### PROBLEM TO SOLVE
The whole listing below needs to be duplicated exactly, pictures aside.

### SUPPLIED INFORMATION
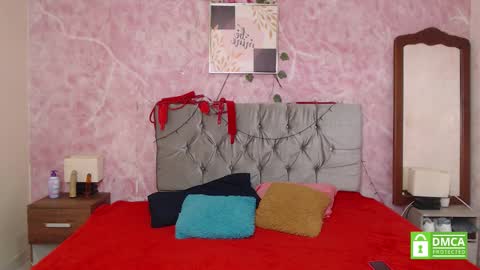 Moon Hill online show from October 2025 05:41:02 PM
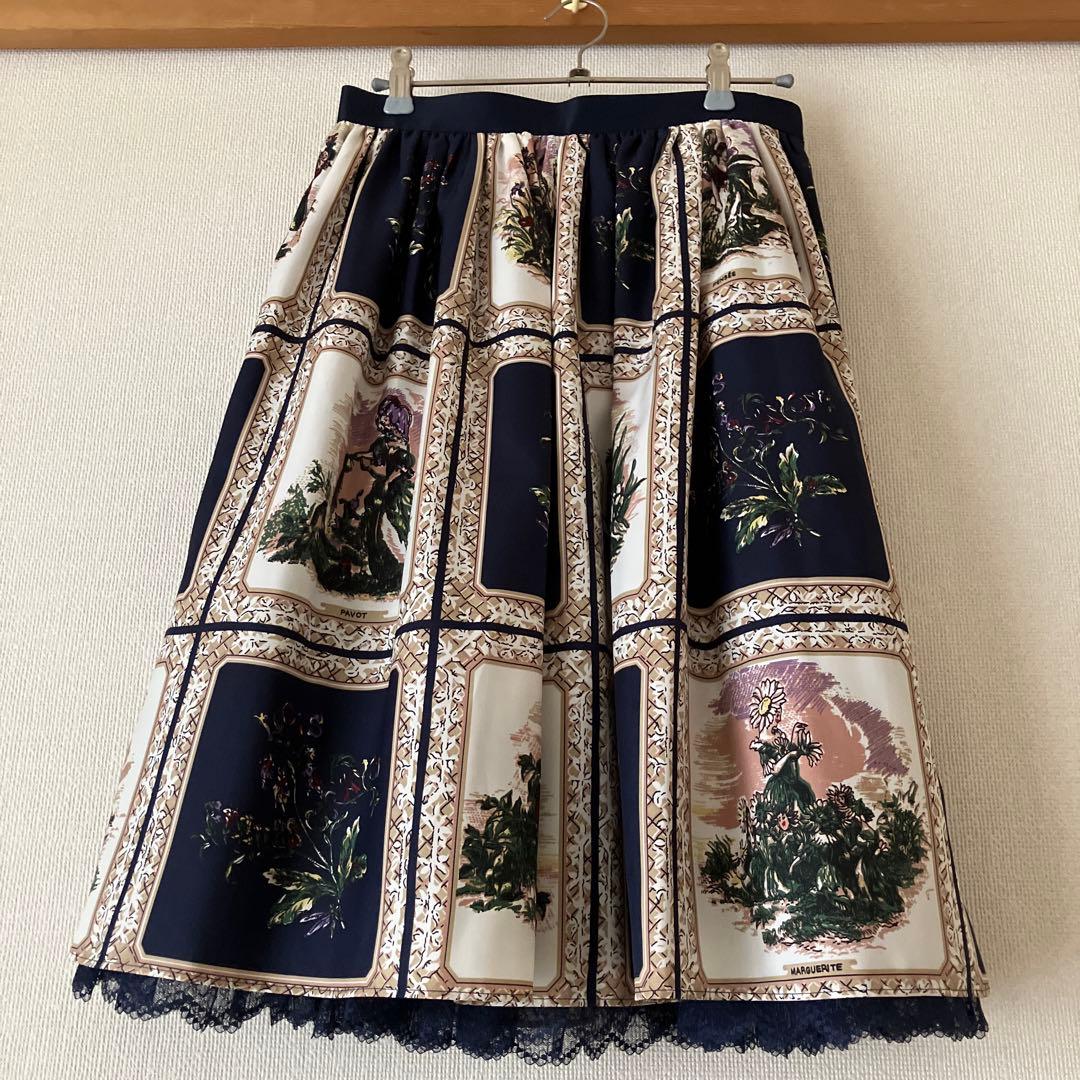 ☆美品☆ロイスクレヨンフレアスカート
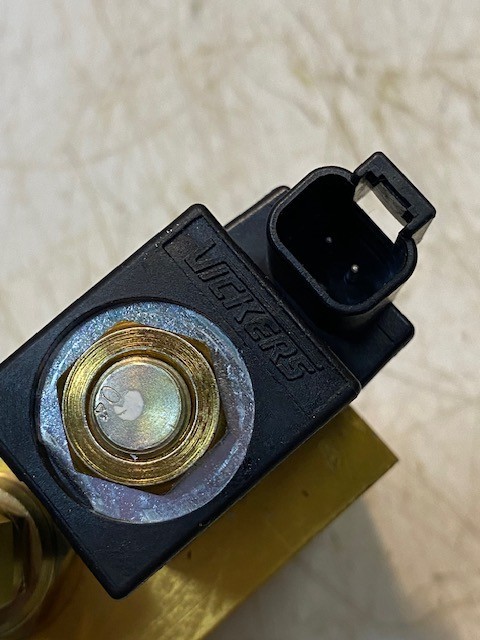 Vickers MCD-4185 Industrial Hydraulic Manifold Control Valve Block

### EXPECTED OUTPUT
 Moon Hill online show from October 2025 05:41:02 PM
 ☆美品☆ロイスクレヨンフレアスカート
 Vickers MCD-4185 Industrial Hydraulic Manifold Control Valve Block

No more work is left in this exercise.